Problem description :: Leaving out the images, please output every entry exactly as it appears.

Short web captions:
--- START ---

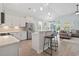 Open-concept kitchen flowing into the living area, featuring a breakfast bar and modern appliances at 1178 Pyxie Moss Dr., Little River, SC 29566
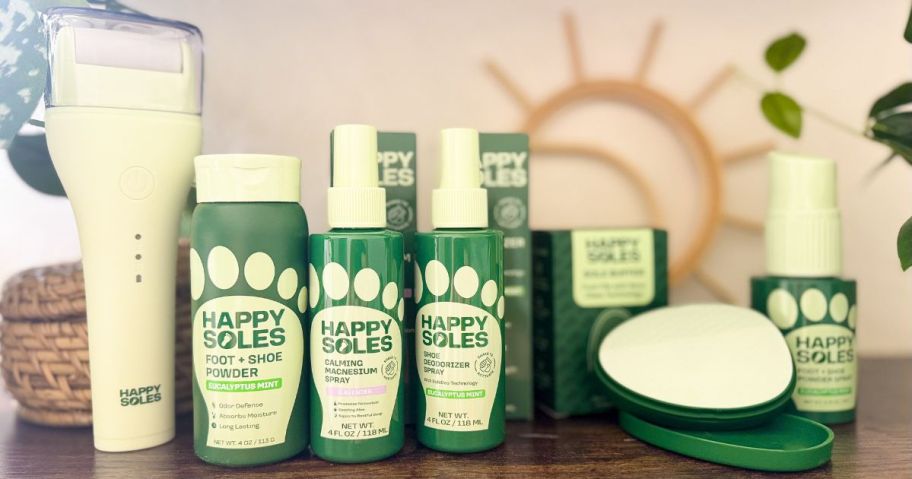 A lineup of Happy Soles foot care products including an electric callus remover, foot powders, sprays, and a glass foot file. 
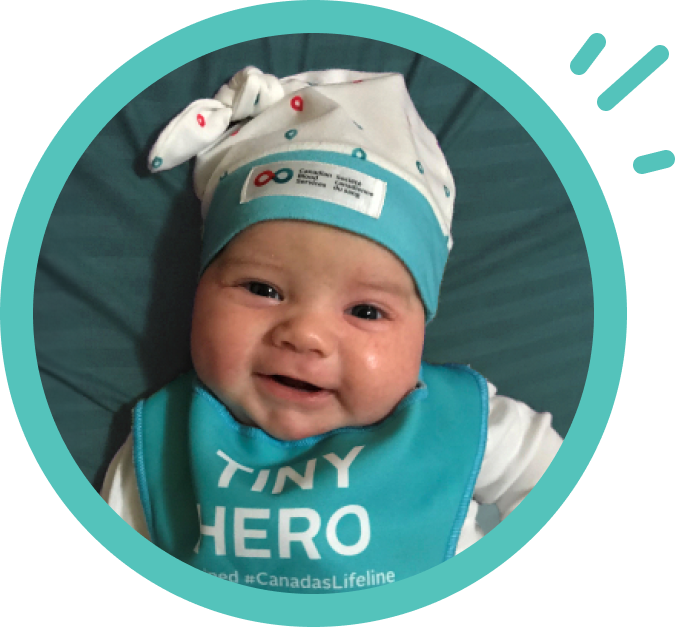 Baby with wearing a Canadian Blood Services toque.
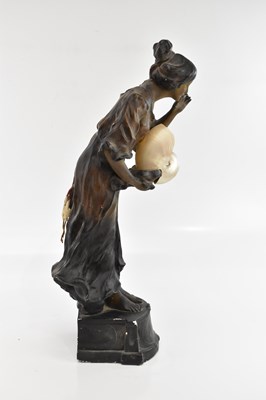 Lot 105 - An Art Nouveau painted plaster figural lamp...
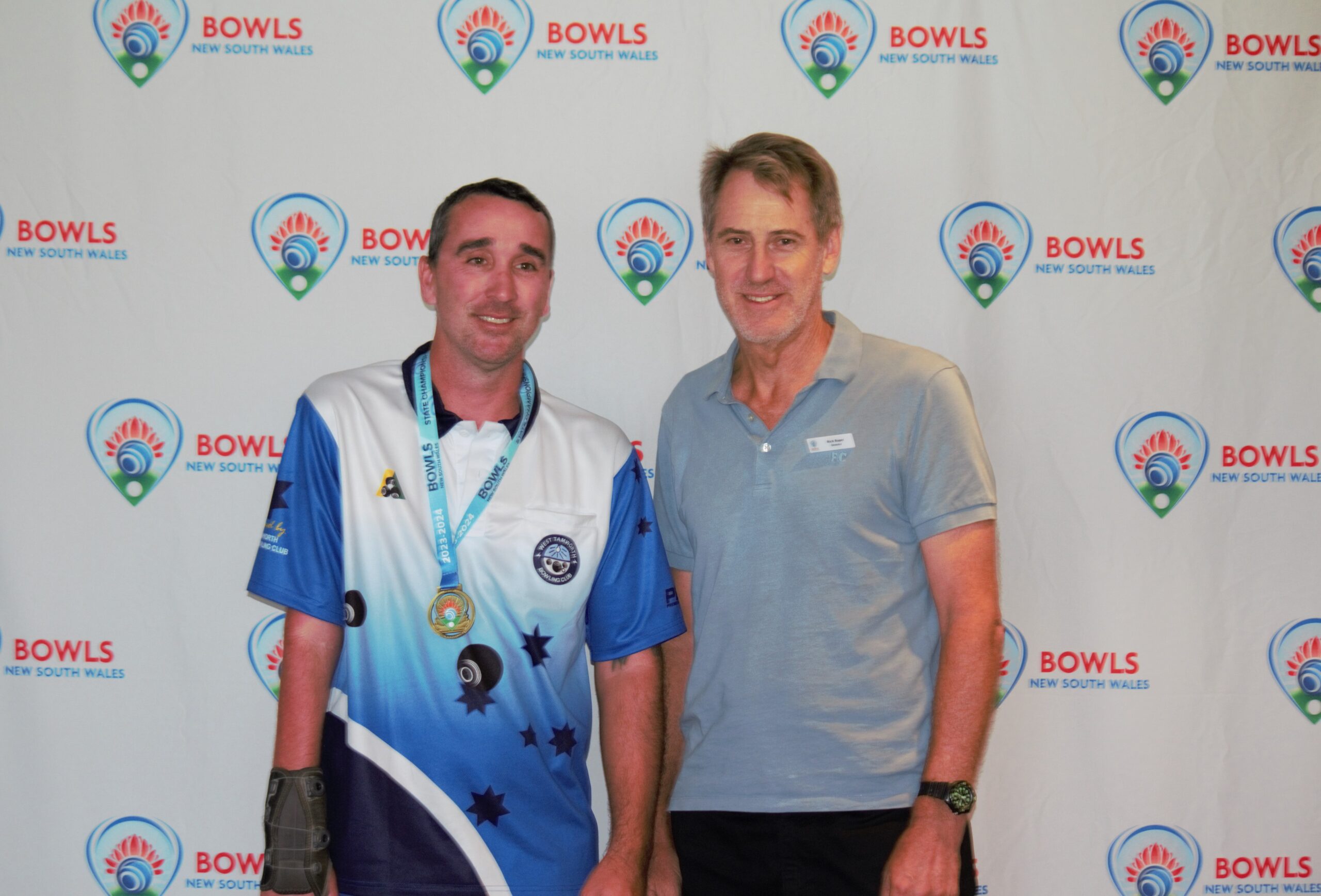 Aaron Kelly - Multi-Disability Open Singles Champion pictured with Bowls NSW Board member Rick Roper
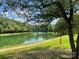 Serene pond with fountains and walking path at 7201 Winery Ln, Charlotte, NC 28227
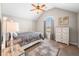 Vaulted ceiling bedroom features a ceiling fan, carpet, area rug, and a window at 4347 Westminster Pl, Columbus, IN 47201
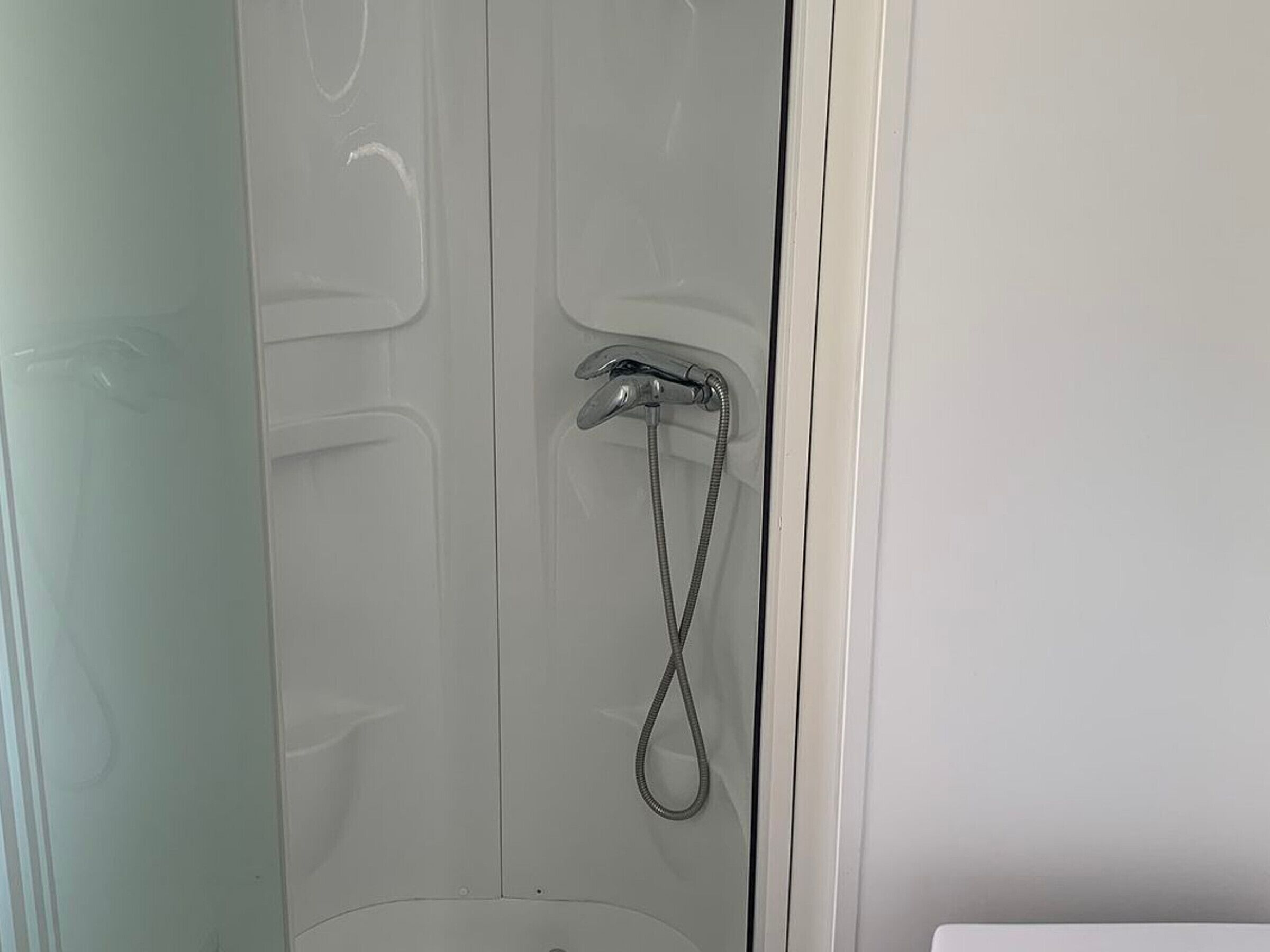Ducha con cabezal de ducha de mano y grifo de pared fijo.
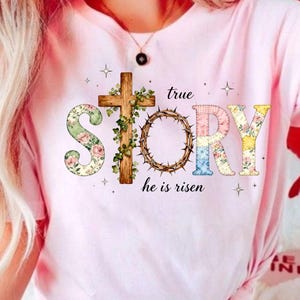 May include: A pale pink t-shirt with the words "true STORY he is risen" in a decorative font. The design includes a floral "S", a wooden cross, and a crown of thorns. The letters "T", "O", "R", and "Y" have floral patterns.
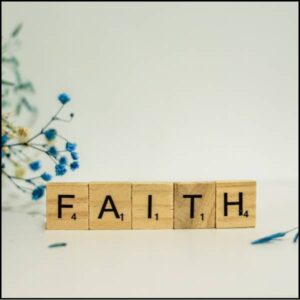A wooden block that says 'faith' next to blue flowers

--- END ---

Task solution ::
 Open-concept kitchen flowing into the living area, featuring a breakfast bar and modern appliances at 1178 Pyxie Moss Dr., Little River, SC 29566
 A lineup of Happy Soles foot care products including an electric callus remover, foot powders, sprays, and a glass foot file. 
 Baby with wearing a Canadian Blood Services toque.
 Lot 105 - An Art Nouveau painted plaster figural lamp...
 Aaron Kelly - Multi-Disability Open Singles Champion pictured with Bowls NSW Board member Rick Roper
 Serene pond with fountains and walking path at 7201 Winery Ln, Charlotte, NC 28227
 Vaulted ceiling bedroom features a ceiling fan, carpet, area rug, and a window at 4347 Westminster Pl, Columbus, IN 47201
Ducha con cabezal de ducha de mano y grifo de pared fijo.
 May include: A pale pink t-shirt with the words "true STORY he is risen" in a decorative font. The design includes a floral "S", a wooden cross, and a crown of thorns. The letters "T", "O", "R", and "Y" have floral patterns.
A wooden block that says 'faith' next to blue flowers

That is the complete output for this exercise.